▸ Task to complete
From the first line of the entries through the line containing "Dusty Blue Peach", output everything exactly except the pictures.

▸ Record excerpts
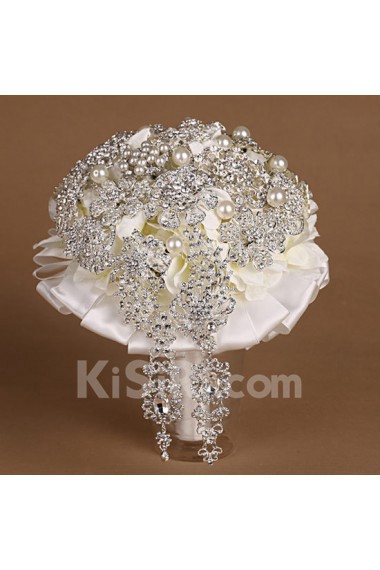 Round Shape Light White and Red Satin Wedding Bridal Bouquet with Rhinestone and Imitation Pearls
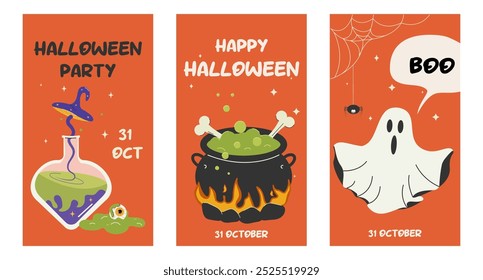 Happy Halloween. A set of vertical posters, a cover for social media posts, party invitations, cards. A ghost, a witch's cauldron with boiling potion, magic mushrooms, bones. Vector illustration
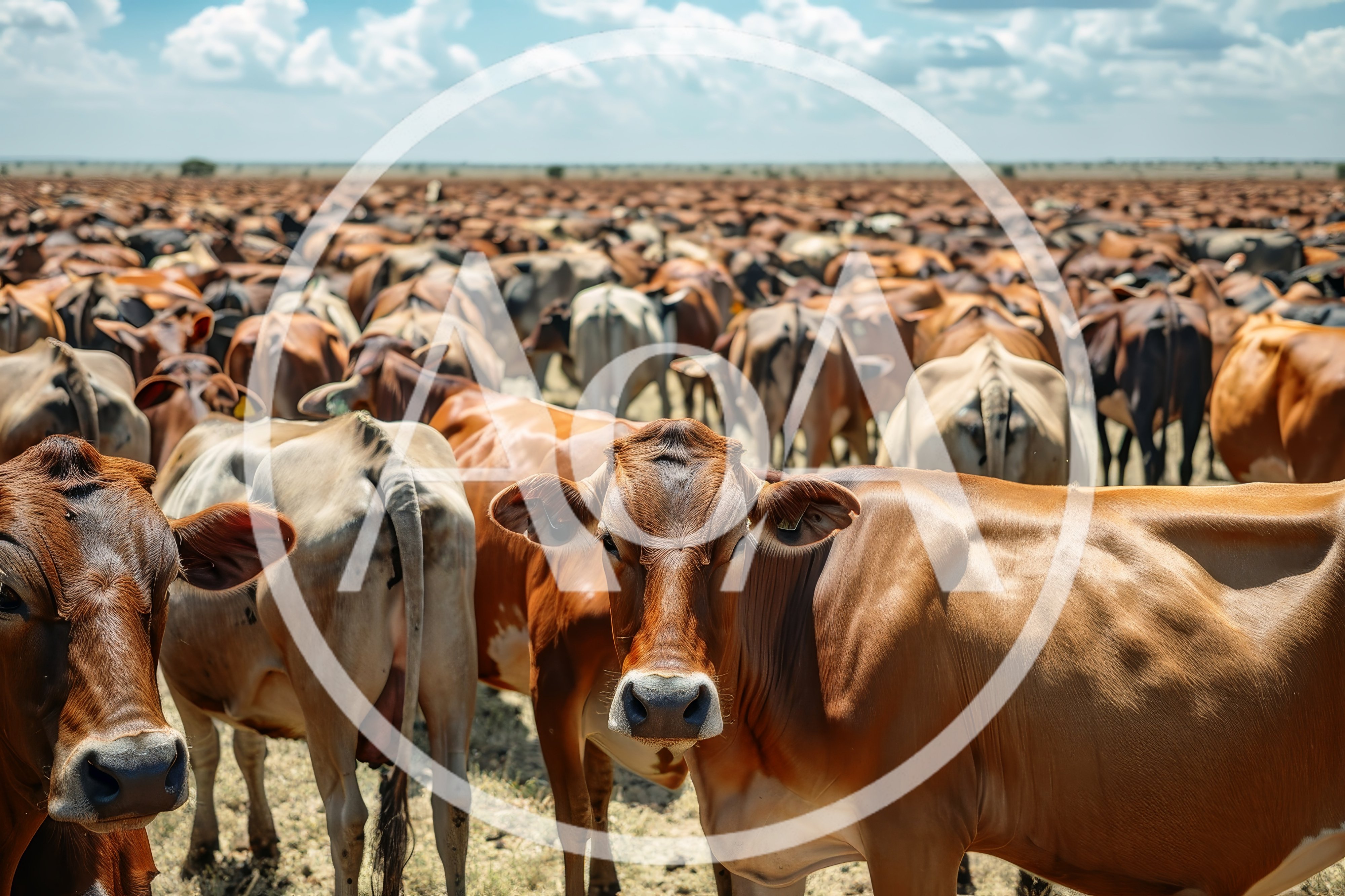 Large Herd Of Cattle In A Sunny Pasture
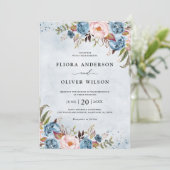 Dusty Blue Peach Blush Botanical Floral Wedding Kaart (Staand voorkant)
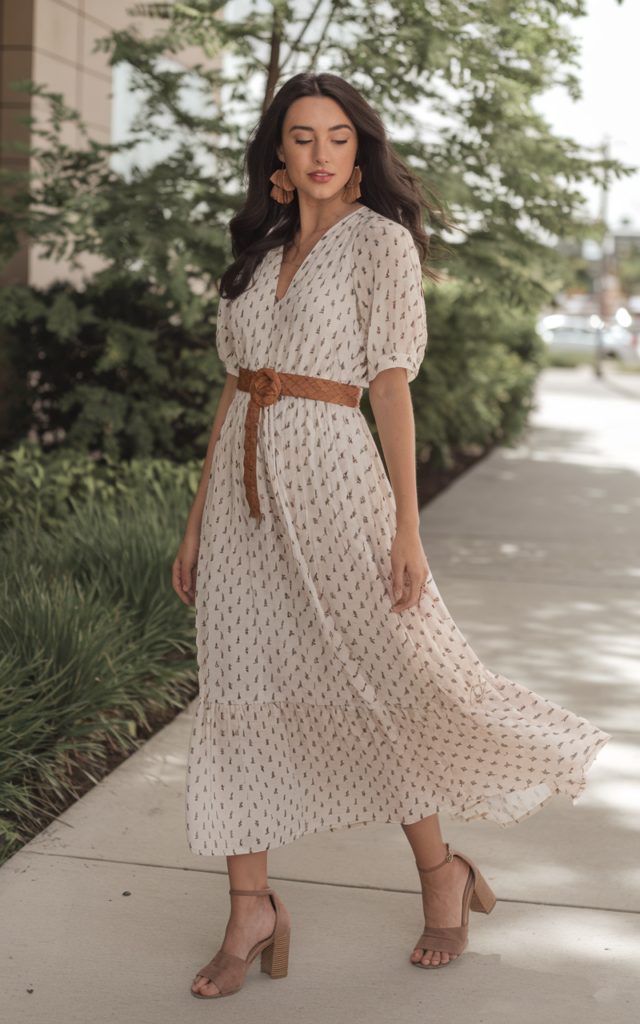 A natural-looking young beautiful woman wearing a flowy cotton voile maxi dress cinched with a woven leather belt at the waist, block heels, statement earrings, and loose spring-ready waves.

▸ Solution for this exercise
 Round Shape Light White and Red Satin Wedding Bridal Bouquet with Rhinestone and Imitation Pearls
 Happy Halloween. A set of vertical posters, a cover for social media posts, party invitations, cards. A ghost, a witch's cauldron with boiling potion, magic mushrooms, bones. Vector illustration
 Large Herd Of Cattle In A Sunny Pasture
 Dusty Blue Peach Blush Botanical Floral Wedding Kaart (Staand voorkant)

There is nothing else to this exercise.